**EXERCISE OBJECTIVE:** Please keep the images out and set down the data exactly as given.

**INPUT DATA:**
──────────────────────────────

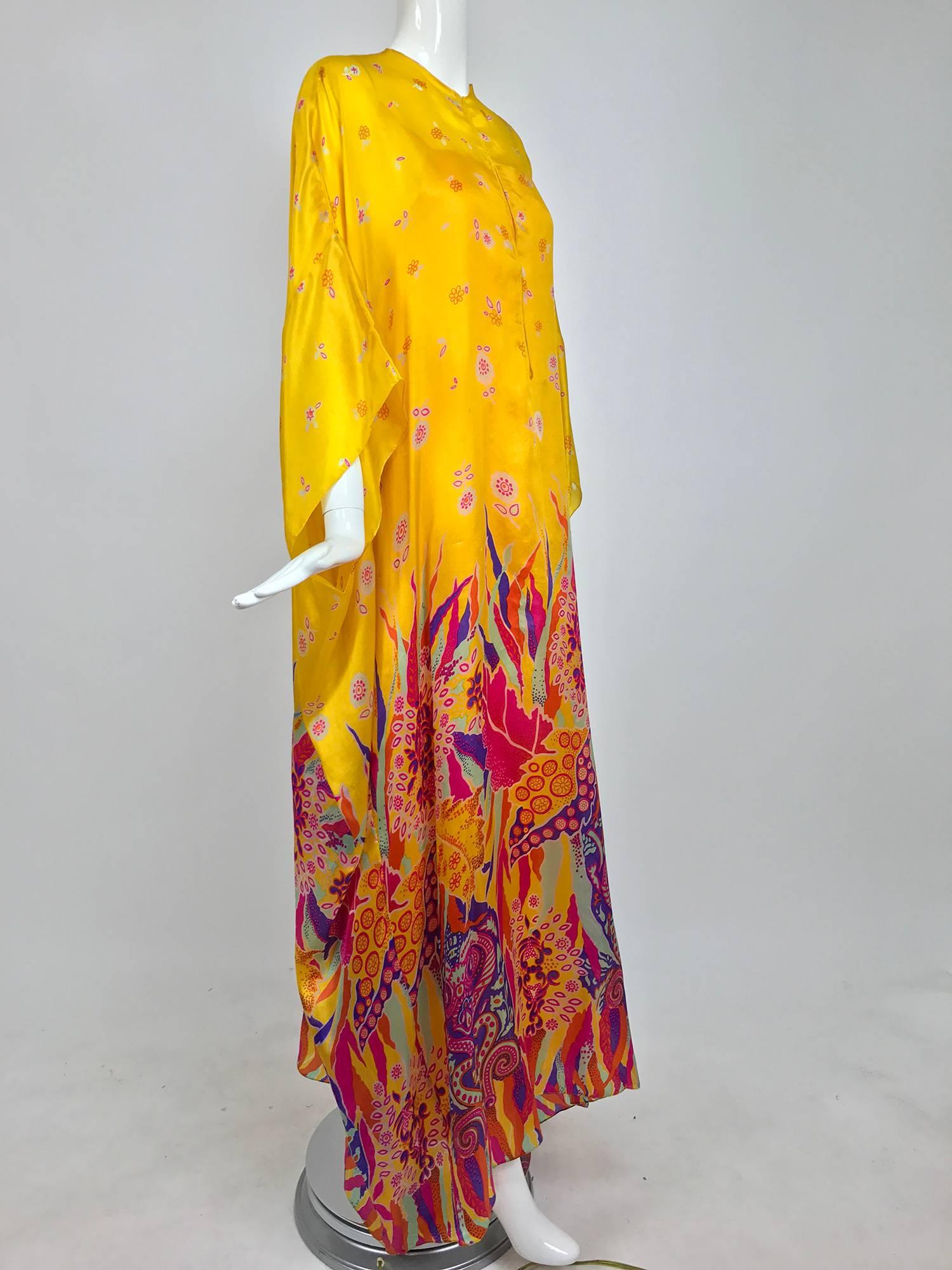 Amazing Oscar de la Renta 2pc caftan and crepe under dress from the 1970s...The caftan is an extravagant border print in vibrant colours the upper dress is done in a small print of coordinating colours on saffron, caftan of tissue silk...The loose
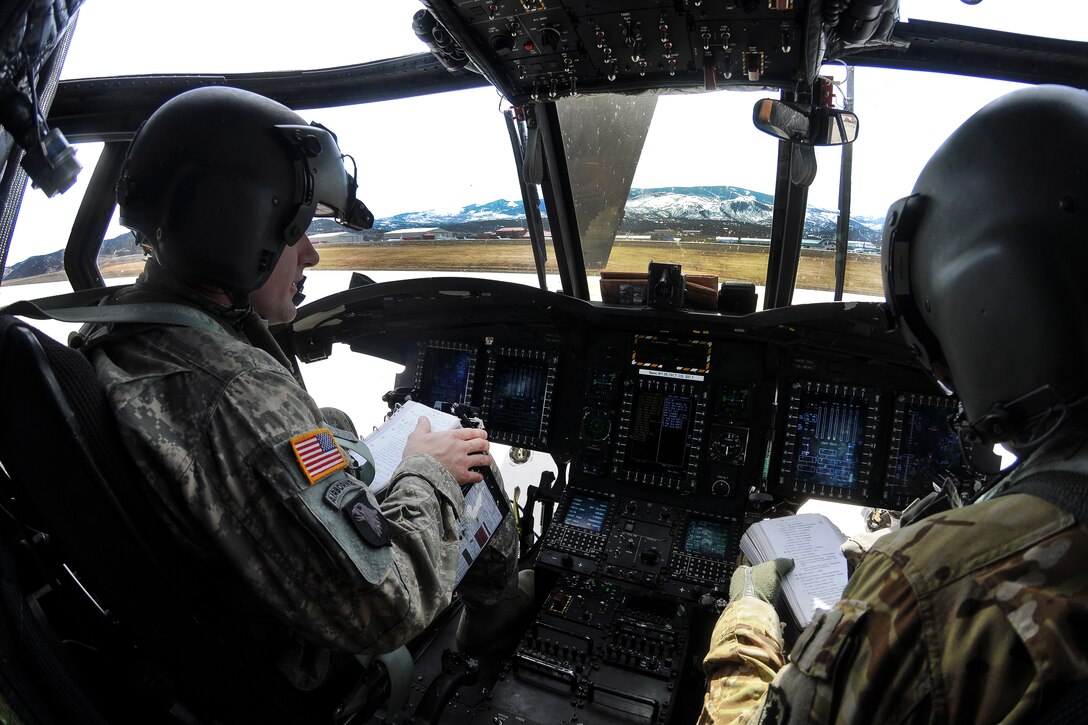 South Carolina Army National Guard pilots review their flight manuals in the cockpit of their CH-47F Chinook helicopter before conducting high-altitude flight operations near Vail, Colo., March 10, 2017. Army National Guard photo by Staff Sgt. Roberto Di Giovine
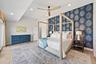 Vaulted ceilings with recessed lighting, patterned accent wallpaper, and a wood-finish ceiling fan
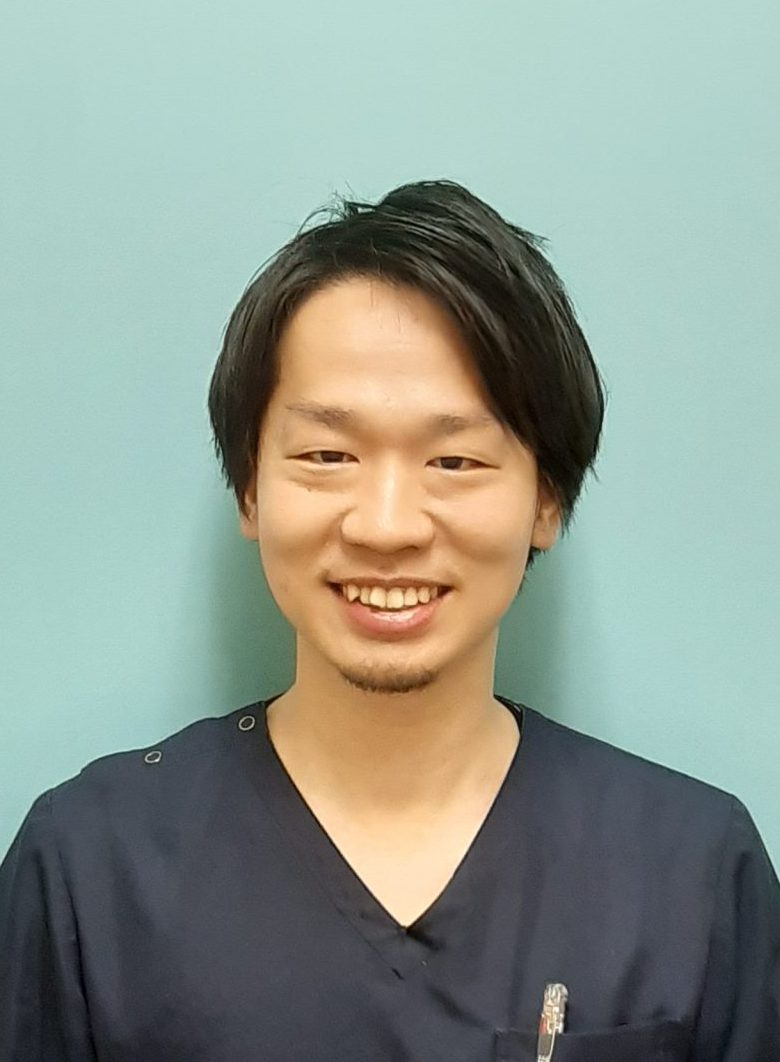 医療現場での服装をした男性が微笑んでいるポートレート。背景は淡い青色。
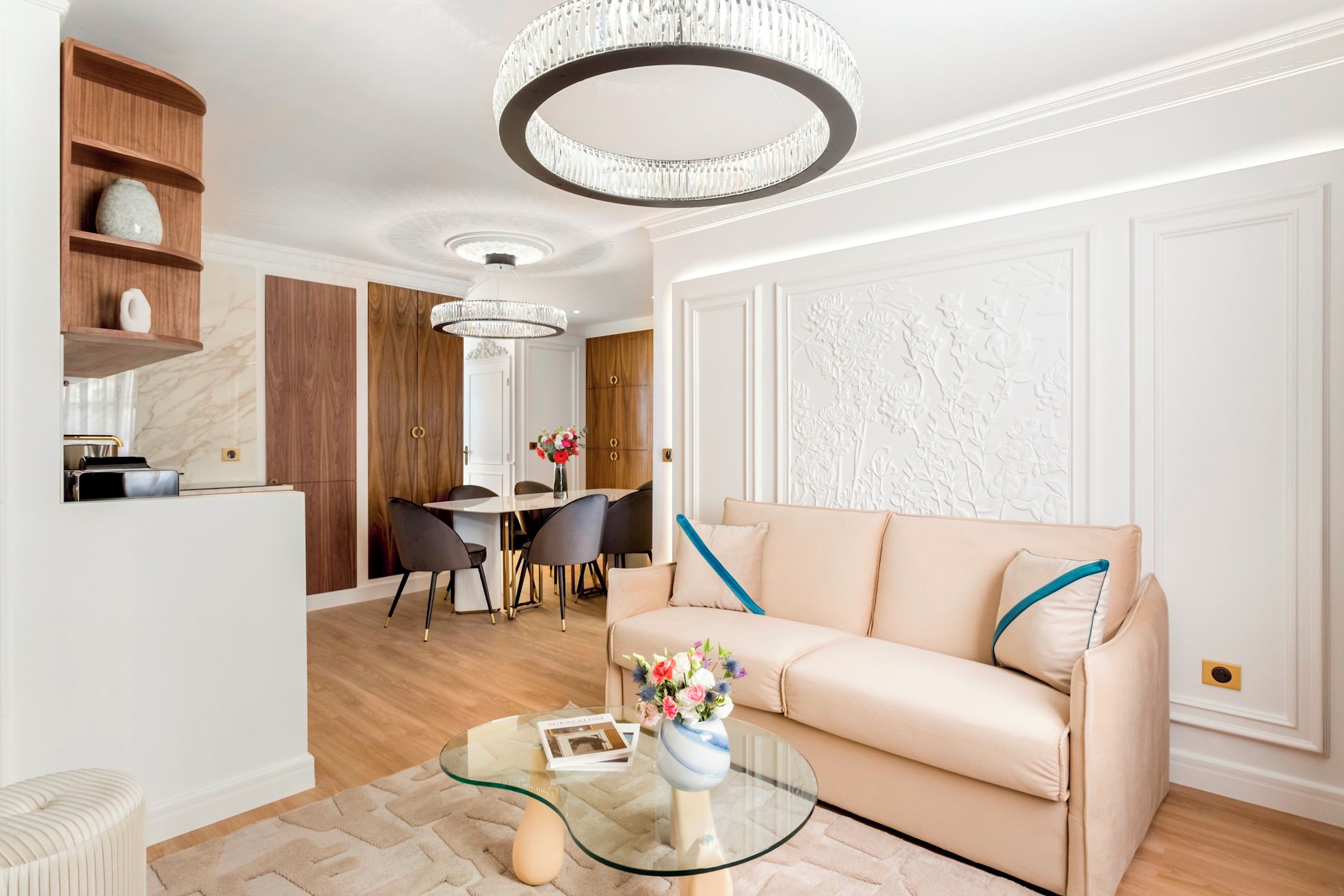 A modern living room with a sofa, a glass coffee table, and a dining area with chairs and a table.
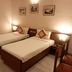The Citi Inn Jamshedpur twin room with two single beds and bedside lamps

──────────────────────────────

**RESPONSE:**
 Amazing Oscar de la Renta 2pc caftan and crepe under dress from the 1970s...The caftan is an extravagant border print in vibrant colours the upper dress is done in a small print of coordinating colours on saffron, caftan of tissue silk...The loose
 South Carolina Army National Guard pilots review their flight manuals in the cockpit of their CH-47F Chinook helicopter before conducting high-altitude flight operations near Vail, Colo., March 10, 2017. Army National Guard photo by Staff Sgt. Roberto Di Giovine
 Vaulted ceilings with recessed lighting, patterned accent wallpaper, and a wood-finish ceiling fan
 医療現場での服装をした男性が微笑んでいるポートレート。背景は淡い青色。
 A modern living room with a sofa, a glass coffee table, and a dining area with chairs and a table.
The Citi Inn Jamshedpur twin room with two single beds and bedside lamps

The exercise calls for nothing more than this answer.